Wordpress to Hugo Migration Process
By EricMesa
- 9 minutes read - 1901 wordsAs there are many people who are currently looking for alternatives to Wordpress in light of a little…. instability… I decided I would document my migration process. I figure my case is one of the more extreme cases, as I ran a self-hosted Wordpress instance for the past 19 years (since Feb 2005) and have ~4000 posts that needed to be migrated. I also have lots of photos, videos, and other media. Finally, I have made heavy use of many Wordpress features.

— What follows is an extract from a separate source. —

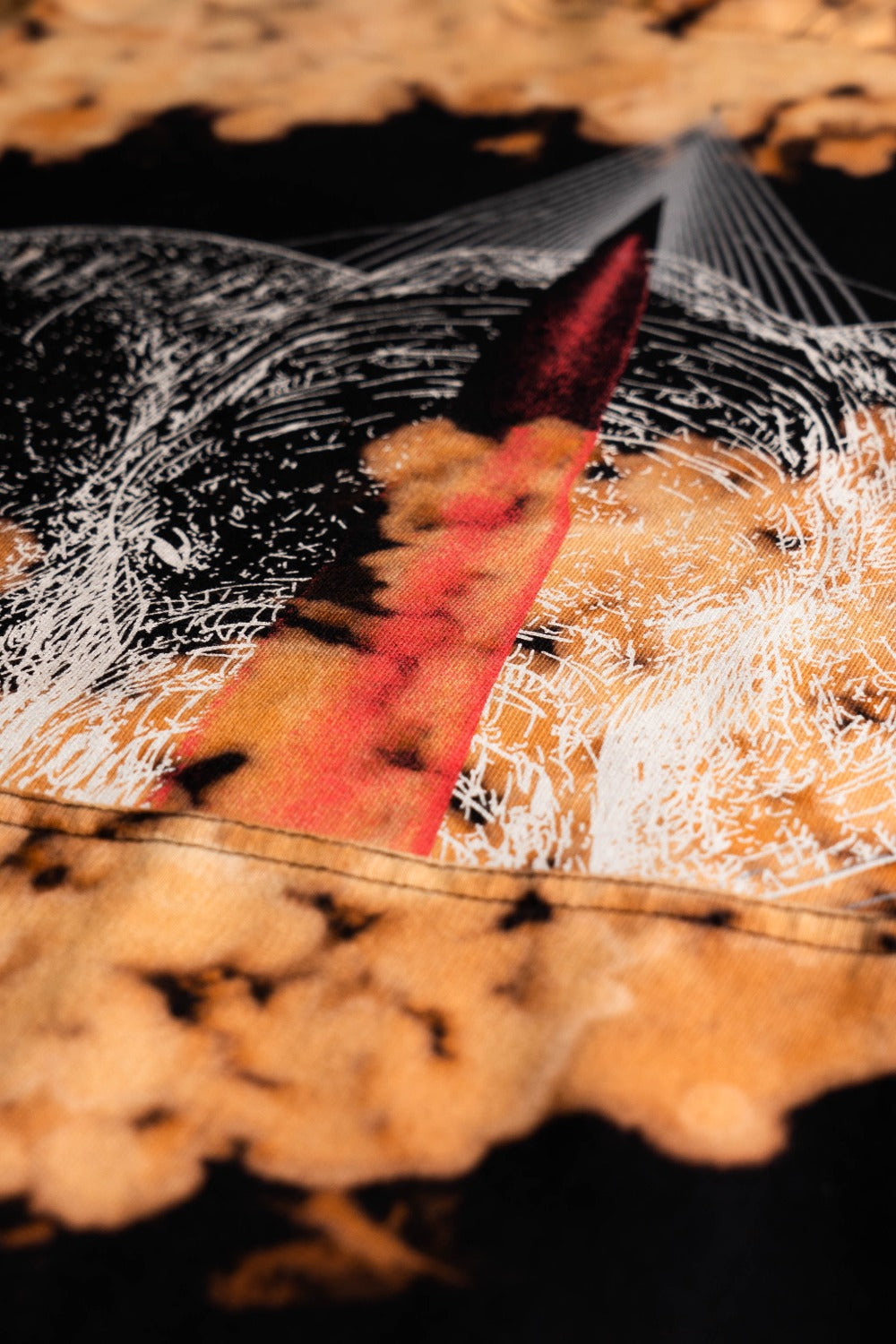 Tie dye hoodie, close up image, Lawless apparel.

Getting your data into the right format
The Hugo Docs have 4 scripts for moving from Wordpress to Hugo. I went with wp2hugo as the listed features seemed to cover all my needs. I can also, happily, say that the developer is responsive to issues. I created 2 issues for things that affected my site and he responded within a day or so. (They both also got fixed although we shouldn’t expect every volunteer dev to cater to every issue) At first used the script in the mode in which it will download images, but it was having issues every time it came across a broken link (and it also seemed to want to download images from other sites (like Goodreads) so, in the end, I just went without) I mention this only because it might affect whether you have to take the next step.
Post Data Freedom Tasks
Images
All of my image, video, etc links in my new markdown files still pointed to /wp-content/uploads. So, at first I ran
grep -lr --include='*.md' 'wp-content' > /tmp/hugo_needs_image_fix
and I thought perhaps I would just take my time and do it manually over the next few months. But then I realized I was being stupid. This is SO what computers are good at that it was why the Perl programming language was invented. I already backup my Wordpress site via rsync, so I had all my images on disk. Therefore I wrote the following Python script to take care of this for me:
from pathlib import Path
import re
import shutil
if __name__ == '__main__':
DIRECTORY = "/tmp/generated-2024-10-11-16-36-01/content/en/posts/"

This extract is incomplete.